_Problem description_
Repeat the following data exactly, omitting pictures.

════════════════════

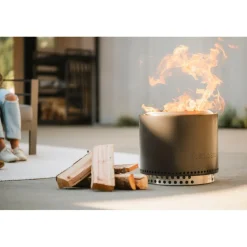 Clearance Solo Stove Bonfire vuurkorf met staander ø 49,5 cm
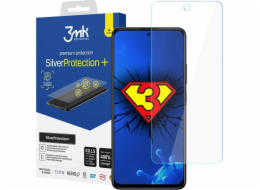 3MK  Silver Protect+ Xiaomi Redmi Note 11S 4G Antimikrobiální fólie montovaná na mokro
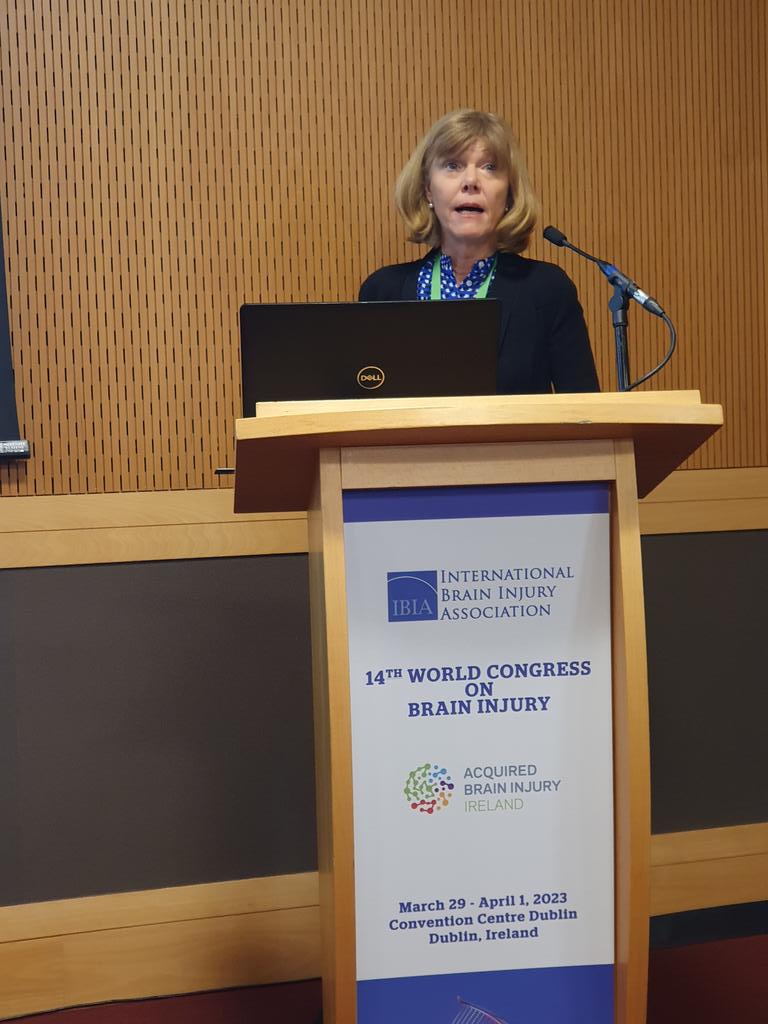 THINKFULLY_'s tweet image. Our own @jennpon presenting on our @PBSPlusProject findings - the RCT and qualitative client/CO perspectives at @I_B_I_A 

@MERRC_Research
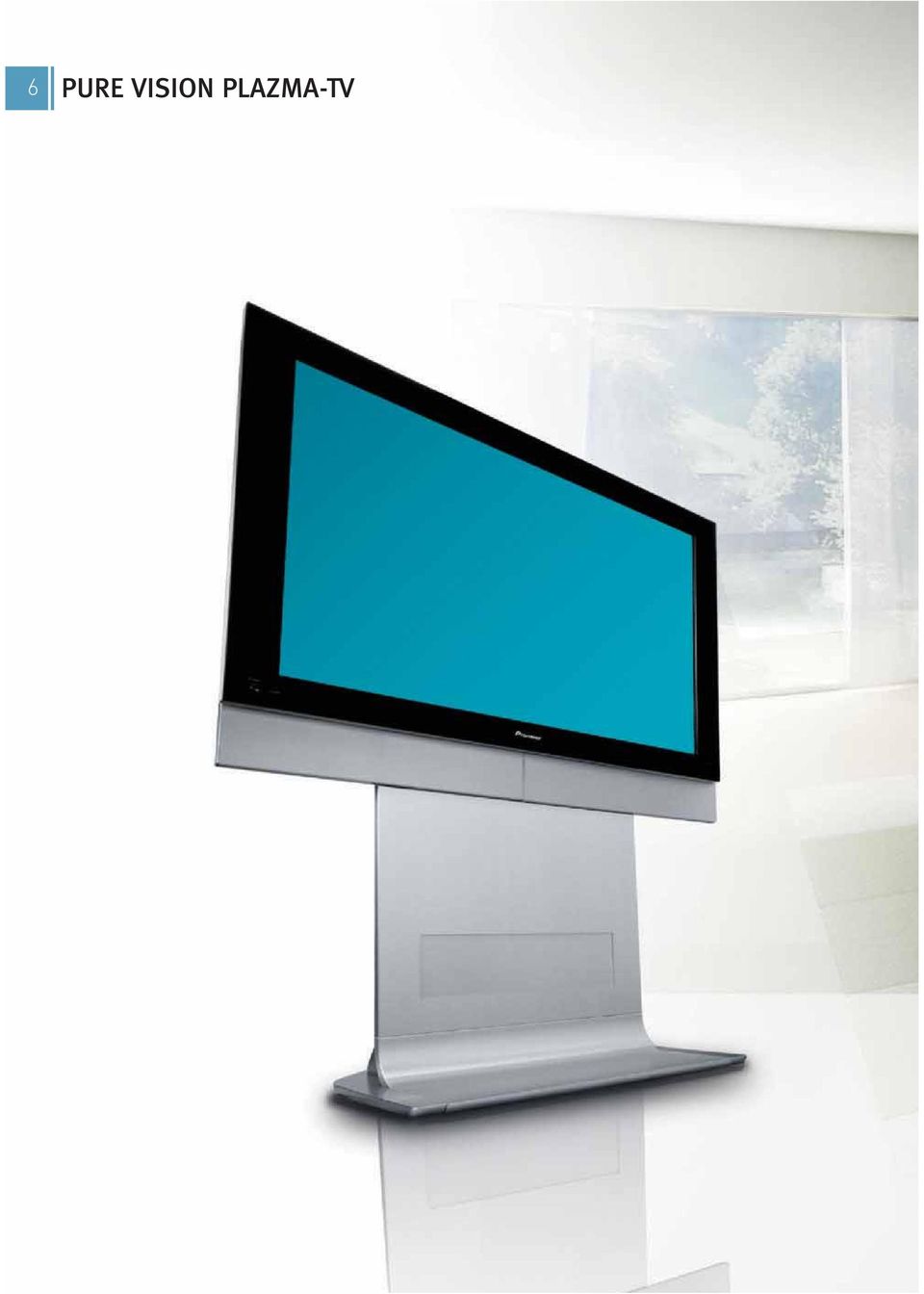 PLAZMA-TV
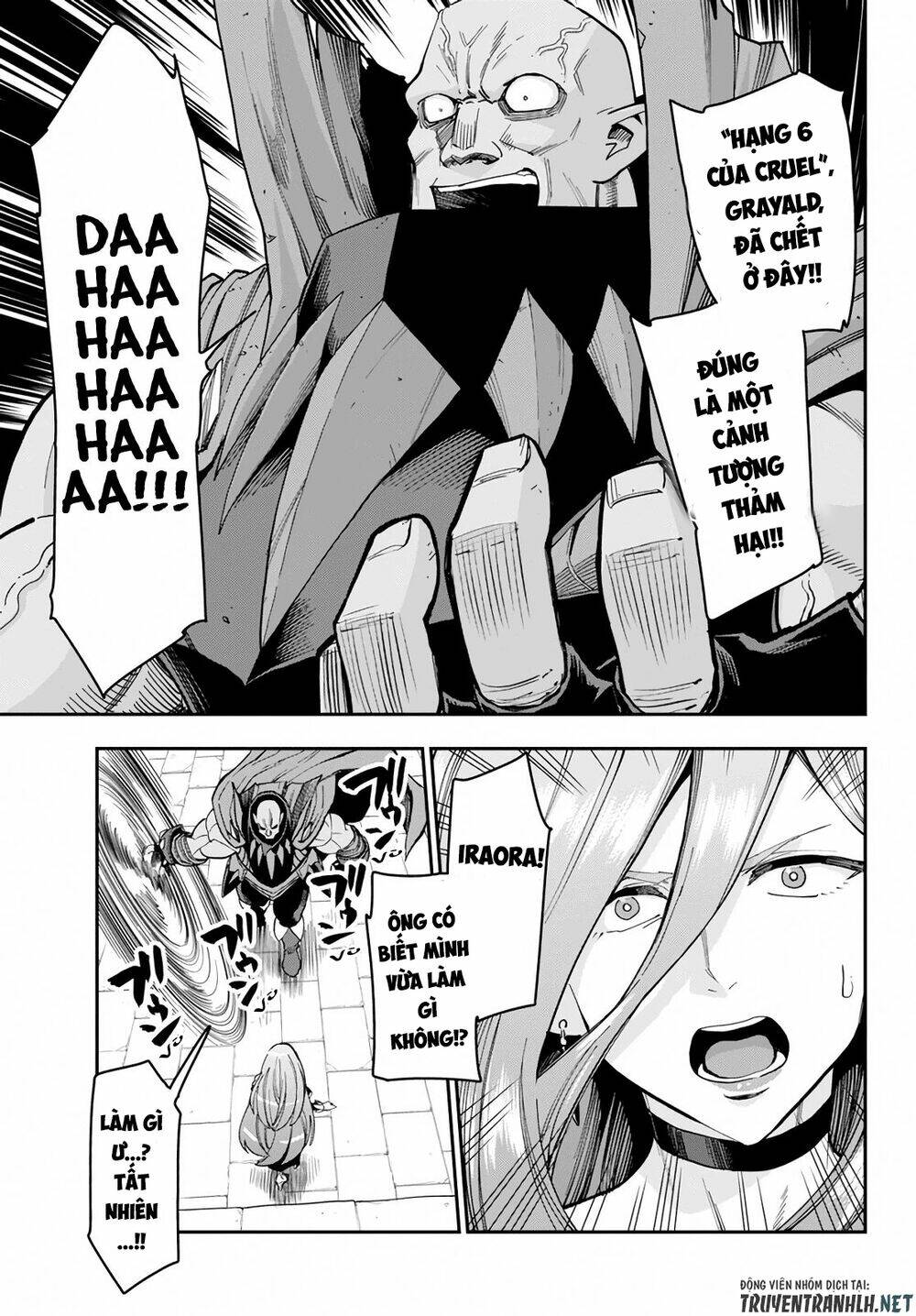 Ngôn Linh Vương Chapter 59 - Trang 2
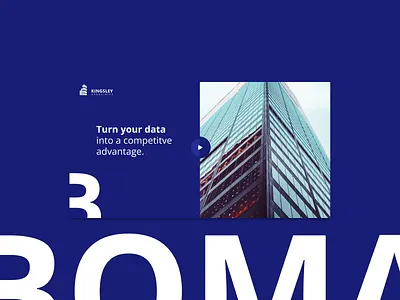 BOMA - Real Estate Website: BLU design figma ui uiux website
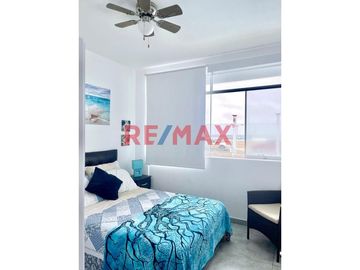 ID: 1111245  Hermoso departamento en primer piso, ubicado en la playa Punta Rocas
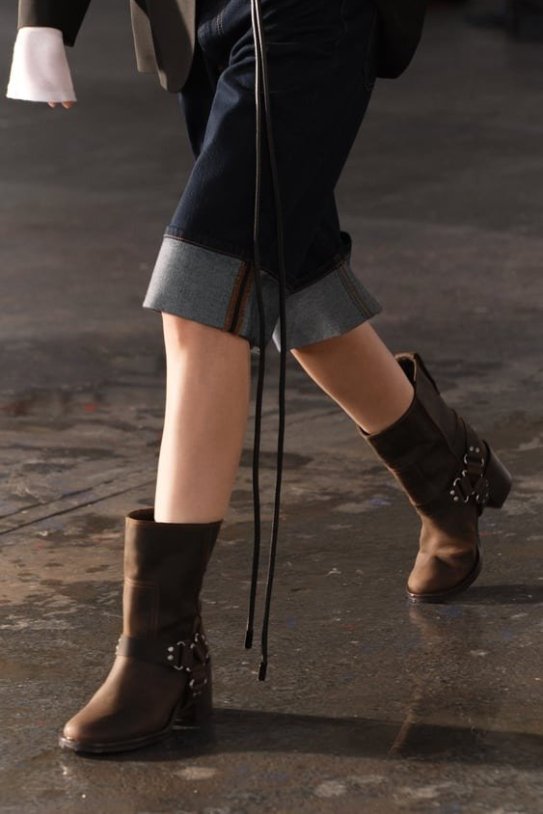 Botines de Zara Botines de Zara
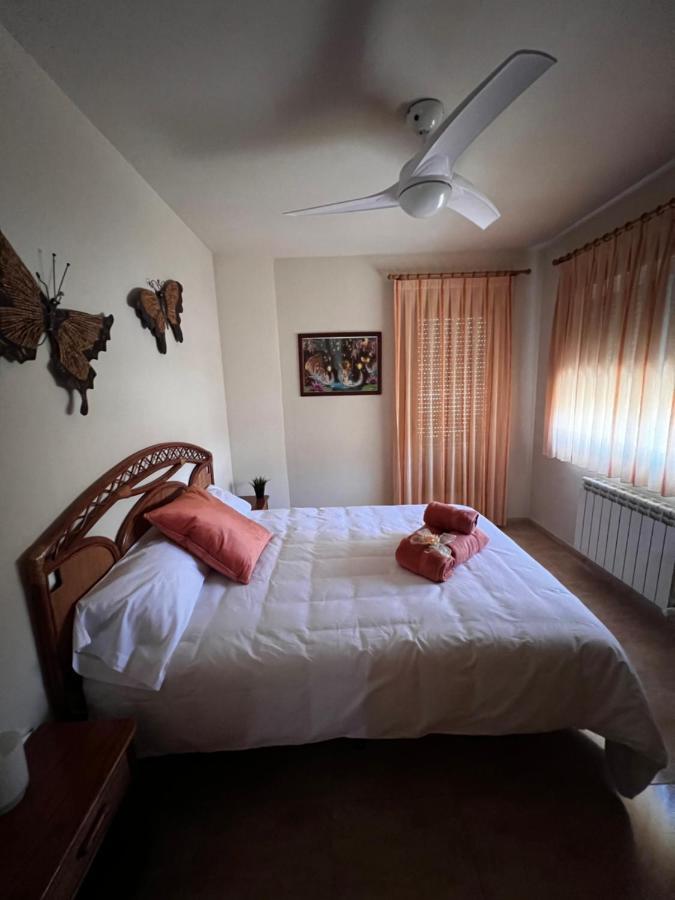 Casa Rural La Chistera Ávila エクステリア 写真
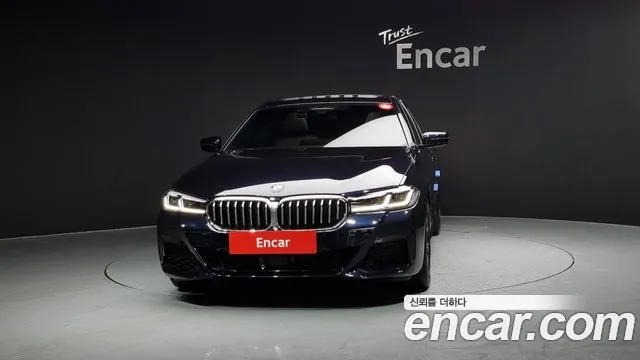 BMW 5 Series (G30) id 2653921 из Кореи 13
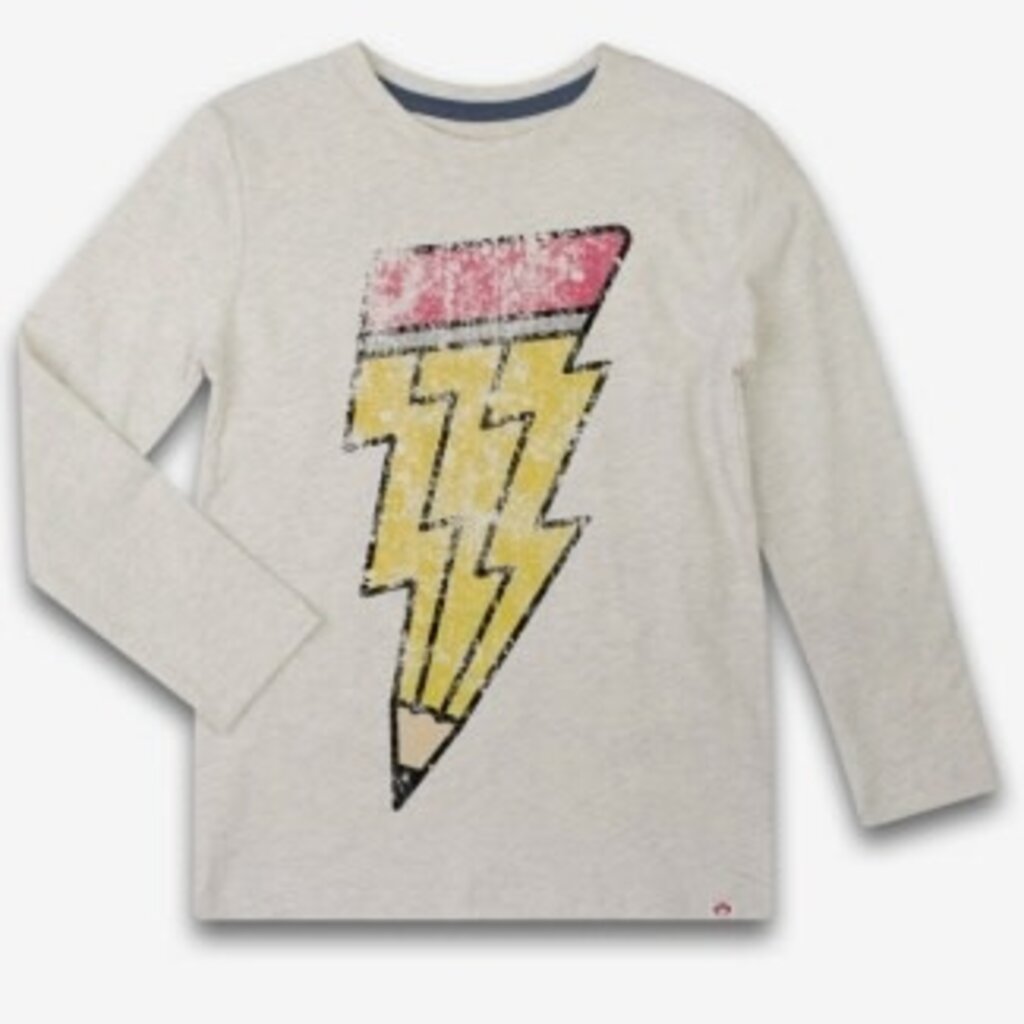 Appaman graphic long sleeve tee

════════════════════

_Output below_
 Clearance Solo Stove Bonfire vuurkorf met staander ø 49,5 cm
 3MK  Silver Protect+ Xiaomi Redmi Note 11S 4G Antimikrobiální fólie montovaná na mokro
 THINKFULLY_'s tweet image. Our own @jennpon presenting on our @PBSPlusProject findings - the RCT and qualitative client/CO perspectives at @I_B_I_A 

@MERRC_Research
 PLAZMA-TV
 Ngôn Linh Vương Chapter 59 - Trang 2
 BOMA - Real Estate Website: BLU design figma ui uiux website
 ID: 1111245  Hermoso departamento en primer piso, ubicado en la playa Punta Rocas
 Botines de Zara Botines de Zara
 Casa Rural La Chistera Ávila エクステリア 写真
 BMW 5 Series (G30) id 2653921 из Кореи 13
 Appaman graphic long sleeve tee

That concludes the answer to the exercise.